I was struck by the fact that Chopin was represented by one a single short composition, probably as an encore selection. Richter played the fourth of the Opus 10 études in the key of C-sharp minor. This amounts to a “pedagogical” selection. However, the Schumann selections were the Opus 1 set of “Abegg” variations, followed by the Opus 26 tone poem Faschingsschwank aus Wien (carnival scenes from Vienna). Both of these are physically demanding compositions. Perhaps Richter had decided to play with his audience by letting them known that, after jumping through all of Schumann’s hoops, he could still deal with a Chopin étude as if it were a walk in the park!
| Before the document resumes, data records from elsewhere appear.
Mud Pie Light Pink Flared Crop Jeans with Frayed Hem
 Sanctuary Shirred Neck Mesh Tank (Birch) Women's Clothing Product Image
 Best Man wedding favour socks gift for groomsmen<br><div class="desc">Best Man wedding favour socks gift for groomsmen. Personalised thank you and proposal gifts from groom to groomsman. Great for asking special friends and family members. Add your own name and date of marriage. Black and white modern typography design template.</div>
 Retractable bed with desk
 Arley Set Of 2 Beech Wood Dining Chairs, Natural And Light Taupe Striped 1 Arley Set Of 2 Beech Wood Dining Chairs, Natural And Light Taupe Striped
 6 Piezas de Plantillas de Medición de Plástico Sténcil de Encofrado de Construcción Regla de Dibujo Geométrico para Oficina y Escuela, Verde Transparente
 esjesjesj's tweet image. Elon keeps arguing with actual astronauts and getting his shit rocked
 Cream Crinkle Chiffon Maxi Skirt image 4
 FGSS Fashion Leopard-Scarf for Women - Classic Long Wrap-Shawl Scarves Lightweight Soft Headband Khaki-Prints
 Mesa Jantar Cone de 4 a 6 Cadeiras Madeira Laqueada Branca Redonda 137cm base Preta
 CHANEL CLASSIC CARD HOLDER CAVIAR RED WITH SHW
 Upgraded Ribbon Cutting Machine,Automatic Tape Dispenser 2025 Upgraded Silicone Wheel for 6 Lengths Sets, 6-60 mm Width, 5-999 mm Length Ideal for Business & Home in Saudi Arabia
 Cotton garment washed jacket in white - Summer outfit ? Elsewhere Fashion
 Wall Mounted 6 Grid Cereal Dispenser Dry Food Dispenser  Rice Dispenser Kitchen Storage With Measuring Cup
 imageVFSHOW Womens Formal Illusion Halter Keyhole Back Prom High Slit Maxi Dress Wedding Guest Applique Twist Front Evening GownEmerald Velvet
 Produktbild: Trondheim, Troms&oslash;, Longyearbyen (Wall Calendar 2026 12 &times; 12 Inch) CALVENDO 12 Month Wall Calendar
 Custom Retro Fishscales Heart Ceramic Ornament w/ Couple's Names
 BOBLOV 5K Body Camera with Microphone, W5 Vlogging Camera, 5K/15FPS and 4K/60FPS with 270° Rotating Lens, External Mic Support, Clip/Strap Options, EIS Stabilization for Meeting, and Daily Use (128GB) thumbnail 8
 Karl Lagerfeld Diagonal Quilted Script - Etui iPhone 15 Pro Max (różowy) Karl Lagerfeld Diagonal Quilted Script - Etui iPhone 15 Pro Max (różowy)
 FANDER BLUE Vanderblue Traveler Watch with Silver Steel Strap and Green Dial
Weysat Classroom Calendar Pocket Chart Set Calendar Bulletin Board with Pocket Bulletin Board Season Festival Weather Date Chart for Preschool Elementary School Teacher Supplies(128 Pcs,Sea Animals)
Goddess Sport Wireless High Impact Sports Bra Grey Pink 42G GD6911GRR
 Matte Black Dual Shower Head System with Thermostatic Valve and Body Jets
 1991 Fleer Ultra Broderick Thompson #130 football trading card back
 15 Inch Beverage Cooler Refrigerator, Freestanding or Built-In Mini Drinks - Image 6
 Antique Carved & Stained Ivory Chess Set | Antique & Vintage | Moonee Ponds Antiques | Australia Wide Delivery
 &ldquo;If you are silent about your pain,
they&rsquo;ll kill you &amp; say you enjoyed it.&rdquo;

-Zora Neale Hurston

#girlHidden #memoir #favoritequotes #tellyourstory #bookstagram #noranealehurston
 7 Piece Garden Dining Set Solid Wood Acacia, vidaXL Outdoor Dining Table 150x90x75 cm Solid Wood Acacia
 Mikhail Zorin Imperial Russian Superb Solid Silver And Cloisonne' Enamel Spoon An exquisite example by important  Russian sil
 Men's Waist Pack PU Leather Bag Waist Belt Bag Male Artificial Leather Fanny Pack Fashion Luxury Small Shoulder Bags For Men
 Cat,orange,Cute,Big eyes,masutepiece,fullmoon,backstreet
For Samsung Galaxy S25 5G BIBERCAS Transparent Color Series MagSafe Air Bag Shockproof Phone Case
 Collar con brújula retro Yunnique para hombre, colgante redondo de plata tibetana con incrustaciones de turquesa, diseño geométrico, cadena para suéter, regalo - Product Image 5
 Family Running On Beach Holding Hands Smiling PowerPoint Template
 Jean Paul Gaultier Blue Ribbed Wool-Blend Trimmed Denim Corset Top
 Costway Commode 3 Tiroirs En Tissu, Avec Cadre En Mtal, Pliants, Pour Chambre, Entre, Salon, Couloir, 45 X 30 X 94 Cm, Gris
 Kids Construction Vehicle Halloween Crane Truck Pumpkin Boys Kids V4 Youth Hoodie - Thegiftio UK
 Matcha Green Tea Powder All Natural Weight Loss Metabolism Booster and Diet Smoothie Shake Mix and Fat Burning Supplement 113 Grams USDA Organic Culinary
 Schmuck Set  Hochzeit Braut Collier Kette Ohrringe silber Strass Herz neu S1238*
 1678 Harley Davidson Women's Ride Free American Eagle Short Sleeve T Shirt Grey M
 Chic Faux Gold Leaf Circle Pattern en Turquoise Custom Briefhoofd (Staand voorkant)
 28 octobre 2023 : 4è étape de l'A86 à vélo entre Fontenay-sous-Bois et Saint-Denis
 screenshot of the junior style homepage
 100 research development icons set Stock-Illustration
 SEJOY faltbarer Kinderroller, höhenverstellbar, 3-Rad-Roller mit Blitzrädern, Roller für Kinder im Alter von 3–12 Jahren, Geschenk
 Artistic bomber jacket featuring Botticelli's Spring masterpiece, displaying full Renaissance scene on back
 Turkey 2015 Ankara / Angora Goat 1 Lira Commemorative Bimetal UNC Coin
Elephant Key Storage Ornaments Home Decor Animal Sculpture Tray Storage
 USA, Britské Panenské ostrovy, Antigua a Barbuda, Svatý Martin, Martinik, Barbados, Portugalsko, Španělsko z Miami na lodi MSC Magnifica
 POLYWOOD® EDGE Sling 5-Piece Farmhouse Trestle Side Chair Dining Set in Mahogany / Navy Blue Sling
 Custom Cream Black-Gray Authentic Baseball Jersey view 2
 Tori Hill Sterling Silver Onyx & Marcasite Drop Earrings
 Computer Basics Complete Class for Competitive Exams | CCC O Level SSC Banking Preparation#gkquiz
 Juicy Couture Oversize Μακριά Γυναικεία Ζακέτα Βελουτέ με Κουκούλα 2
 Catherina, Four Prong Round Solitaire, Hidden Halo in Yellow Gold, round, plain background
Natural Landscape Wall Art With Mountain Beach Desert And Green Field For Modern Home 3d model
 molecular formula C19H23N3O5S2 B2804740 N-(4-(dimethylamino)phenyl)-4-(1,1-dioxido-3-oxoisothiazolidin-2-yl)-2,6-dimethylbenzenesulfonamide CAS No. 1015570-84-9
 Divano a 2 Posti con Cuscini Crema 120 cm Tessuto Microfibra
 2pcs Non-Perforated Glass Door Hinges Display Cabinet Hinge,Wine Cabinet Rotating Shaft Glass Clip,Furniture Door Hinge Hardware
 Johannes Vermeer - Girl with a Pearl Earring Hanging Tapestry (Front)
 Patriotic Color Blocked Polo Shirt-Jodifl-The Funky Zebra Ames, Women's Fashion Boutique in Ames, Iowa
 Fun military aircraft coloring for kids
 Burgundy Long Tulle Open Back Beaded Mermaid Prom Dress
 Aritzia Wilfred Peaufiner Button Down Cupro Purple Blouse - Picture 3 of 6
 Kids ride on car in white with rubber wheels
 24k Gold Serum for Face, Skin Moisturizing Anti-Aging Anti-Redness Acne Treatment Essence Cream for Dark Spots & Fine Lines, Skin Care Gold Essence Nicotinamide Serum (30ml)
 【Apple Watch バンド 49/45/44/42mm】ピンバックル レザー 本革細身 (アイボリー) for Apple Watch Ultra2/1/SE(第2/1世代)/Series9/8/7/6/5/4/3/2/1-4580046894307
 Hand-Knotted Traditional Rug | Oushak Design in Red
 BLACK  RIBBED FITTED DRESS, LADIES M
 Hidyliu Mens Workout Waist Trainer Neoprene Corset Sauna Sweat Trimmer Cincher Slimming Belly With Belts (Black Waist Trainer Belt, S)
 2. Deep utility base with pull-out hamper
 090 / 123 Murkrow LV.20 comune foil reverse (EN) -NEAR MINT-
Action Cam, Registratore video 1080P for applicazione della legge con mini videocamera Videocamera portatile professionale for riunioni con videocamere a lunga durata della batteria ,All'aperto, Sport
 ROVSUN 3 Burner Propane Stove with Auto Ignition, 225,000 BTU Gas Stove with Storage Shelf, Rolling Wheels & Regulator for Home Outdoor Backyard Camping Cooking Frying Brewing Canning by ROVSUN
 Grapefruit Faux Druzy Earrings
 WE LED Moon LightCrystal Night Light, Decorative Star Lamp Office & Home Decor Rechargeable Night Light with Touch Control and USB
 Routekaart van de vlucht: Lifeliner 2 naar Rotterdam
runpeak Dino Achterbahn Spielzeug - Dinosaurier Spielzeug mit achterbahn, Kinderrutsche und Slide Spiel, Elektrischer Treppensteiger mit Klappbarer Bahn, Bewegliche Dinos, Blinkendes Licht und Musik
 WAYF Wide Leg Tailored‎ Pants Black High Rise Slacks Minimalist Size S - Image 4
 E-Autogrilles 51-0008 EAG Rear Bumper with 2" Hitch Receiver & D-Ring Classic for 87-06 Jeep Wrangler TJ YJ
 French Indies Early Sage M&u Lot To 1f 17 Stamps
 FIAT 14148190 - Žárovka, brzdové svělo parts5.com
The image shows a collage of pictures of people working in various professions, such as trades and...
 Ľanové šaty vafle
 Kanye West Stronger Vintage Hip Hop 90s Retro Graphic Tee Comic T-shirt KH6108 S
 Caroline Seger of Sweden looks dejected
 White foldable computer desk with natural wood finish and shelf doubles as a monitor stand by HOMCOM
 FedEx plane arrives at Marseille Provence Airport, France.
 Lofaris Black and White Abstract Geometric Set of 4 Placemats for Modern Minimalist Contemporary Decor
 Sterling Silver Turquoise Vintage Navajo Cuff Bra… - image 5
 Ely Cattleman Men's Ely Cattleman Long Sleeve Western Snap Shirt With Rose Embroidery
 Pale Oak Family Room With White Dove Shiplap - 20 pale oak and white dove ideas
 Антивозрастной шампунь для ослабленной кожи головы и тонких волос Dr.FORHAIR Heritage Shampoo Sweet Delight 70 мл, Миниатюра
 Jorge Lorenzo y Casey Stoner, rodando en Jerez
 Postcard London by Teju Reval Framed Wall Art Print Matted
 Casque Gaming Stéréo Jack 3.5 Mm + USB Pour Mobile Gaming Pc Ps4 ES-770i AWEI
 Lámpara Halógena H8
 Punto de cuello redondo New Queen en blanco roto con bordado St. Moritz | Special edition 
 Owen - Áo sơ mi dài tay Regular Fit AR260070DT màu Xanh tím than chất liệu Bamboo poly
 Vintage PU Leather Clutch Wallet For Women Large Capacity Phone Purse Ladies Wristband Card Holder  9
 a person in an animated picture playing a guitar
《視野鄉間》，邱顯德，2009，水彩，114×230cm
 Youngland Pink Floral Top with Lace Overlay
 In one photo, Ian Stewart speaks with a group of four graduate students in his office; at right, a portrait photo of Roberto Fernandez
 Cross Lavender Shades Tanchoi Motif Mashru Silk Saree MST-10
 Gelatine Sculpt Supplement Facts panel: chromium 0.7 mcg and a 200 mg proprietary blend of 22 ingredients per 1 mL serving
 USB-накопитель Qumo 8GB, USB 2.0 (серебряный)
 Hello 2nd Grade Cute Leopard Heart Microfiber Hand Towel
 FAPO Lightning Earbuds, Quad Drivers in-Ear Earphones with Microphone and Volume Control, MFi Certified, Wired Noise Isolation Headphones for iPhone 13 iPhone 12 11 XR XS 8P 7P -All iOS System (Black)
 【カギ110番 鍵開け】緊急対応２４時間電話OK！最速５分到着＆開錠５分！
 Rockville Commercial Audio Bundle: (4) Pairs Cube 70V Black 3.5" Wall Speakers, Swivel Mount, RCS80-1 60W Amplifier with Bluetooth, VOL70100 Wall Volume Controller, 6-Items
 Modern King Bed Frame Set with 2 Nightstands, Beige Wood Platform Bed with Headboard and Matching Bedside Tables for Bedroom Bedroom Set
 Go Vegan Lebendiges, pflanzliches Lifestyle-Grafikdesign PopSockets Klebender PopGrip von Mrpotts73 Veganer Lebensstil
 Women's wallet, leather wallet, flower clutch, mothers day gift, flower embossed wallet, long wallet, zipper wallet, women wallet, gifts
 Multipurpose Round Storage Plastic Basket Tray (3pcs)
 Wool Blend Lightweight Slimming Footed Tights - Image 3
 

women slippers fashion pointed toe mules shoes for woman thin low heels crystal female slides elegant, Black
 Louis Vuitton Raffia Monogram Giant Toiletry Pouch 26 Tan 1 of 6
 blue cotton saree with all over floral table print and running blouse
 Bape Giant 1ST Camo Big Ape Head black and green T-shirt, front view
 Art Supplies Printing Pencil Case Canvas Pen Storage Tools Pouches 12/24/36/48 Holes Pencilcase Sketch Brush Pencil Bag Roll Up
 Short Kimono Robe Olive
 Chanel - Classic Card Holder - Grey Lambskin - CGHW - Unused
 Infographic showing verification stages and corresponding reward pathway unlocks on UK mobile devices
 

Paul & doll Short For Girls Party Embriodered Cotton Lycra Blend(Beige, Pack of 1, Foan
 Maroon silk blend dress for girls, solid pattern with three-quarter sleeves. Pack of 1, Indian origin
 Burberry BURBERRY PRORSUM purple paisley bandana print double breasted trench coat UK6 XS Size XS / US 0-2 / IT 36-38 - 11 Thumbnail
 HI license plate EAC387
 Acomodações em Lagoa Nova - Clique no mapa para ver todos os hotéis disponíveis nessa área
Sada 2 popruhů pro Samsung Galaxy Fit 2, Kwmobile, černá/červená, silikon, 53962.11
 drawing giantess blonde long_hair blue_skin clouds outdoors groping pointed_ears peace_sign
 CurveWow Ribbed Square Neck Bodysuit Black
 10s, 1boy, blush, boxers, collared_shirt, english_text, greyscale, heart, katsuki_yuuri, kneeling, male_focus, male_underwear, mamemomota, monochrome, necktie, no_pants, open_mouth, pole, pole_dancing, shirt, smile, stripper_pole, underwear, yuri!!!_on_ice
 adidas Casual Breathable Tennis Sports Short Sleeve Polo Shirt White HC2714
The Beethoven-Schubert pairing appealed more to my personal tastes. There is a fair amount of playfulness in the two Opus 14 sonatas that he performed. In that spirit one gets the impression that Richter himself was “playing around” with how to differentiate foreground and background. This involved some approaches to emphasis that one might not have expected of other pianists. In other words Richter wanted to throw new lights on these two sonatas to remind his audience that he had his own ways of approaching Beethoven.
He could then launch into Schubert’s D. 760 “Wanderer” fantasy in C major with an initial intensity that was probably his way to declaiming to the audience “Beethoven’s over!” Mind you, there is at least one anecdote that D. 760 was such a wild ride that Schubert himself could not play it. Richter certainly did not intend to downplay Schubert’s intensity. However, he had clearly thought through an overall phrasing strategy to provide a foundation for how he would manage the wide swings of dynamic range. The fact is that Richter had clearly put considerable thought into not only the overall architecture but also the many details, several of which might be overlooked by other pianists.
By now I have lost count of how many recordings I have of how many pianists playing D. 760, but this particular Richter performance is one that I would gladly revisit.
2015 Ukrainian stamp issued to commemorate Richter’s birth (from Wikimedia Commons, public domain)
Things being what they are as I write this, I feel it is important to note that this “prominent Russian pianist” was actually born in Ukraine; and, as will be seen above, the country commemorated the centennial of his birth with a postage stamp!